# YOUR ASSIGNMENT
Using the listing below, set down each line from the line containing "Pendentif Quartz Cristal" through the line containing "Magnolia Lane 2 bdrm, 4 bed, Guest House", both ends included, exactly and with nothing added.
----- RECORDS PROVIDED
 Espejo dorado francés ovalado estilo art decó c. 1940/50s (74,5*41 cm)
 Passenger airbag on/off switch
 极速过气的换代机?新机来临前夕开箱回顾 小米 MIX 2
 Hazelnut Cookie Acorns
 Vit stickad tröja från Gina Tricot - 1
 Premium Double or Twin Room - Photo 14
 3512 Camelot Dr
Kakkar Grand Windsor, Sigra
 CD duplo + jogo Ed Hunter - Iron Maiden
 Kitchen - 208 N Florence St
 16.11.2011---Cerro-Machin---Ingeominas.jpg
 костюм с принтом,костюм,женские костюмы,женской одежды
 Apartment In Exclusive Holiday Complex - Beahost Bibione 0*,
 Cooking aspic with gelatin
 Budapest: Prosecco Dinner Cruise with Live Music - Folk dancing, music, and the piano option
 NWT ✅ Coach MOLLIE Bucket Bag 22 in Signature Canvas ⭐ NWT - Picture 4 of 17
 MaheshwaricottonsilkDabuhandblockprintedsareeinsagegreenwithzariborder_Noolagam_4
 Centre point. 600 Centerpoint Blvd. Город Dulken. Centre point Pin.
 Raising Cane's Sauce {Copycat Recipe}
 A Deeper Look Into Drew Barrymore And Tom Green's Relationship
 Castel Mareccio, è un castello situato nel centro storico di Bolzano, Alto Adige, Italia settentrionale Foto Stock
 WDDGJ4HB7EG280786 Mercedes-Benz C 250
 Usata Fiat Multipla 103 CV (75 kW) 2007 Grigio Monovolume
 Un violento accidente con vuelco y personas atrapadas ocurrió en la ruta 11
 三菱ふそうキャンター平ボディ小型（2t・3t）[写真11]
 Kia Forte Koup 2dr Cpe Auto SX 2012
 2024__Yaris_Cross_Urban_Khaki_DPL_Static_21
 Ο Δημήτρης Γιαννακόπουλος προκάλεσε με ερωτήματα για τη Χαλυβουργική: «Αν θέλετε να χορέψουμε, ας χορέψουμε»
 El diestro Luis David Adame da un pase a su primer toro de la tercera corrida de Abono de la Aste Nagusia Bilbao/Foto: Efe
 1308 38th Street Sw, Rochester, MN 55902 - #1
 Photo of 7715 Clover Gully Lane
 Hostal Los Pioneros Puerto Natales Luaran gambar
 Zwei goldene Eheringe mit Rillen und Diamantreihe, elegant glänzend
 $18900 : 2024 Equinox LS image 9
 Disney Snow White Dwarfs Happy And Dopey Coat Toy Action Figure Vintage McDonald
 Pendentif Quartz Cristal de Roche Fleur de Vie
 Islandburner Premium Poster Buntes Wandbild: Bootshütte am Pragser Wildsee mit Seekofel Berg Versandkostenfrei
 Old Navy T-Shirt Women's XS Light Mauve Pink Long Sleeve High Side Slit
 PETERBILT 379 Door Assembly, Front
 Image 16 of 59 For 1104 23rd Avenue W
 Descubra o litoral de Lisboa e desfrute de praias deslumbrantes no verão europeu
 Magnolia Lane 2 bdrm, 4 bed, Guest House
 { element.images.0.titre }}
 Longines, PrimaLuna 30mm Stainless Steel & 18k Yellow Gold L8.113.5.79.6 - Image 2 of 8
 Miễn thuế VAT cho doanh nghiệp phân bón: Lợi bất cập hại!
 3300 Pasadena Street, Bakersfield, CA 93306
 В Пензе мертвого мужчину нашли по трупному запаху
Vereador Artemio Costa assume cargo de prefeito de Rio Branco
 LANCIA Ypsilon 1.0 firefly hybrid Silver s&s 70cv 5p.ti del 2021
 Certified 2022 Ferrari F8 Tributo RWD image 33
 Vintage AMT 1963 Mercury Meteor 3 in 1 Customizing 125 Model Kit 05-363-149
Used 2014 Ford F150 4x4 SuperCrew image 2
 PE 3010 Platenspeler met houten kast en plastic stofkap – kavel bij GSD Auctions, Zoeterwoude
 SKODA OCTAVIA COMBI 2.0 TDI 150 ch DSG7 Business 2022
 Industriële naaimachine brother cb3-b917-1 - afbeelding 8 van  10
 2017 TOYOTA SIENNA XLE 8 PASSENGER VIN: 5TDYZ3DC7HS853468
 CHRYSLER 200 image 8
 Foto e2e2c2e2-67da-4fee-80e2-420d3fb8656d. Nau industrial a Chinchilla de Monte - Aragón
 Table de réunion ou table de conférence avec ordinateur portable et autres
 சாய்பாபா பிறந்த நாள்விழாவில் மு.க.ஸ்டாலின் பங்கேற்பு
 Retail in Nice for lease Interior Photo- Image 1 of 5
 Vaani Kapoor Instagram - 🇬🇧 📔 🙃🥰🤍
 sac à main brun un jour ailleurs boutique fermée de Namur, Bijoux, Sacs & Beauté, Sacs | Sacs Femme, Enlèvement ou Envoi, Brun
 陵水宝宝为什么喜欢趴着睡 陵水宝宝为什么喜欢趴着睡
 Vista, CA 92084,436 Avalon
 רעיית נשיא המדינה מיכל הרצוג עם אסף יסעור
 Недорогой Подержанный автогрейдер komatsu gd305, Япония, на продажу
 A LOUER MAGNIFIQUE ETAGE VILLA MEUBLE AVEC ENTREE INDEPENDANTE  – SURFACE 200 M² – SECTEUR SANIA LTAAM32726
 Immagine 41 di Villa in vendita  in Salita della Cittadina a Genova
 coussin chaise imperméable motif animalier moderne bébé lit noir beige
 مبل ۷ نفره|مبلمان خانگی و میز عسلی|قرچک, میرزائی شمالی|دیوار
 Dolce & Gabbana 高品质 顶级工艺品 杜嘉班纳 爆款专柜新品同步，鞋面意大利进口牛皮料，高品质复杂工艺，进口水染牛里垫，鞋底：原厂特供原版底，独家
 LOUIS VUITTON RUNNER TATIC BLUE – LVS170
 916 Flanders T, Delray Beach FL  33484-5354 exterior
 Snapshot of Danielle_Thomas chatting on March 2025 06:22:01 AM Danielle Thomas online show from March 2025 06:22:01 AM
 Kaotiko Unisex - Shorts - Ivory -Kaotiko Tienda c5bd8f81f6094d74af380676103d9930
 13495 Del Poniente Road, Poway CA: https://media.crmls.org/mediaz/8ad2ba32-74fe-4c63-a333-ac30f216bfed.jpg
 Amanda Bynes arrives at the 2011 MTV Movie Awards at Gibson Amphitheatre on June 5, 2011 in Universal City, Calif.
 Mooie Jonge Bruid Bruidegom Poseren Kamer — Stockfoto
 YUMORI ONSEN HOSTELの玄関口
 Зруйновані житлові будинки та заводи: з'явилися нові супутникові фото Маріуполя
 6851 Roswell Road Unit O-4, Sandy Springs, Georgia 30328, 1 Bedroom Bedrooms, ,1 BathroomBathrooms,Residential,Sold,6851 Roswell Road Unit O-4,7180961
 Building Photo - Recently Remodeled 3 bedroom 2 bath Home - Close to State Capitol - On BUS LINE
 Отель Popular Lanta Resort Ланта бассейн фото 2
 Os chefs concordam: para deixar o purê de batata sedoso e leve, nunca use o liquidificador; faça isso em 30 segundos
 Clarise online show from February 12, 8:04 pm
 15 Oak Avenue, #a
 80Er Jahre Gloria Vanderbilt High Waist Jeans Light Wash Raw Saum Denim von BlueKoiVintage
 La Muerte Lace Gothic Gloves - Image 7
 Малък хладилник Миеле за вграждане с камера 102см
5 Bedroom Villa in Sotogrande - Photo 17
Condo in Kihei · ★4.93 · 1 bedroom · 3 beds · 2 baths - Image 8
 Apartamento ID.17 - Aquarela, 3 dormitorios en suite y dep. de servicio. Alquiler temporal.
----------
# RESPONSE AREA
 Pendentif Quartz Cristal de Roche Fleur de Vie
 Islandburner Premium Poster Buntes Wandbild: Bootshütte am Pragser Wildsee mit Seekofel Berg Versandkostenfrei
 Old Navy T-Shirt Women's XS Light Mauve Pink Long Sleeve High Side Slit
 PETERBILT 379 Door Assembly, Front
 Image 16 of 59 For 1104 23rd Avenue W
 Descubra o litoral de Lisboa e desfrute de praias deslumbrantes no verão europeu
 Magnolia Lane 2 bdrm, 4 bed, Guest House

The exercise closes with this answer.